Le grand perdant serait alors l’Irak unitaire. Ce serait le pire cauchemar des occupants américains. La main-mise kurde sur le pétrole de Kirkouk donnerait une réalité physique et financièrement viable à l’autonomie kurde. Le mouvement rallierait forcément, sans que les troupes américaines y puissent quelque chose, les enclaves kurdes d’Iran, de Turquie et de Syrie. Les réactions violentes des gouvernements locaux seraient inévitablement condamnées, plongeant inévitablement le Kurdistan irakien dans l’effroi… Pendant ce temps, le sud de l’Irak se placerait sous la tutelle de Téhéran, paradoxalement bien discrète en ce moment. Il est vrai que les suspicions américaines imposent à l’Iran d’agir avec discrétion. Hormis cette politique-fiction, le vrai perdant de ce premier scrutin multipartite depuis cinquante ans est le Premier ministre intérimaire, Iyad Allaoui, candidat préféré des Américains, qui ne recueille que 13,8 % des suffrages. En dépit d’importantes sommes d’argent investies dans sa campagne électorale et des billets de cent dollars généreusement distribués aux électeurs, le "Petit Saddam"— en raison de sa réputation d’homme à poigne — n’est pas parvenu à s’imposer. Il devrait logiquement céder sa place à la tête du gouvernement transitoire qui conduira les destinées du pays jusqu’aux élections de la fin de l’année, qui devraient donner des institutions définitives à l’Irak. L’actuel président intérimaire, Ghazi Al-Yaouar, ne s’en sort pas mieux, n’obtenant que cinq sièges. Tout ce que l’Irak unitaire comme solides partisans a été emporté par le tsunami chi‘ite. Même le Parti communiste qui, par le passé, constituait un bloc solide et structuré, en dépit de la répression dont il a fait l’objet du temps de Saddam Hussein, n’aura que deux députés.
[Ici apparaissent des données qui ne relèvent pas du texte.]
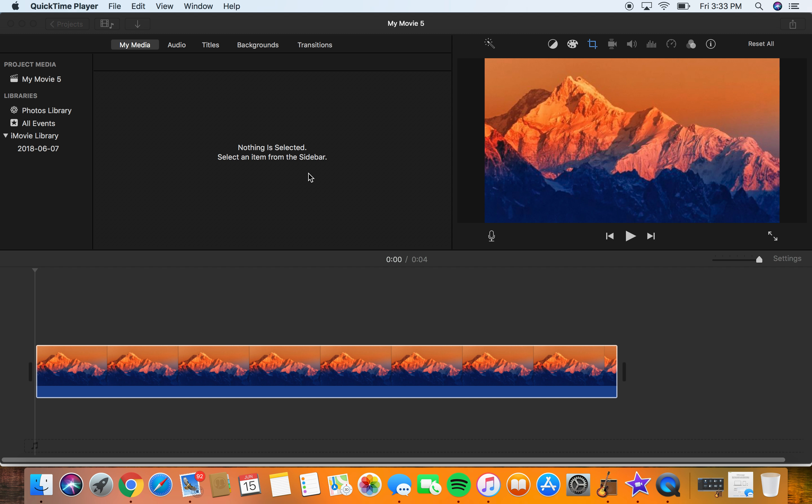Hello guys, how is everybody doing? Today I will be showing you how you can rotate your footage or an image in iMovie.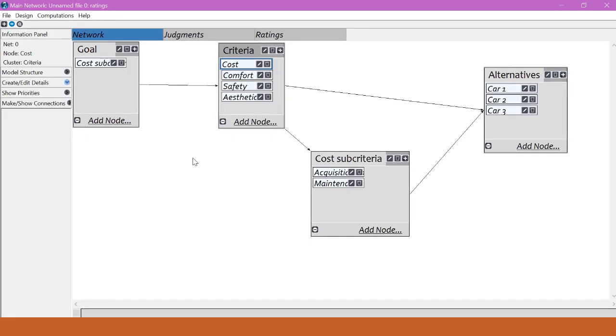I have here the same model that I used for the previous sections with all of the pairwise comparisons the same, except for the ones I just added. Two subcriteria for the cost criterion: acquisition cost and maintenance cost.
Au total, 12 listes — sur les 111 qui étaient en compétition — seront représentées à l’Assemblée. Et s’il a fallu deux semaines pour connaître les résultats de ce scrutin historique, cette première expérience démocratique dans un pays déchiré par les violences se solde par un succès puisque 8 456 266 électeurs se sont rendus aux urnes, soit un taux de participation de 59 %. Certes, on est loin des 72 % annoncés avec trop de précipitation au lendemain du 30 janvier, mais ce chiffre souligne l’engouement des Irakiens pour ce rendez-vous électoral, qui devra être renouvelé avant le 15 octobre pour approuver, par référendum, la Constitution, laquelle devra être rédigée avant le 15 août. D’ailleurs, le 30 janvier sera désormais un jour férié afin de saluer cette étape décisive.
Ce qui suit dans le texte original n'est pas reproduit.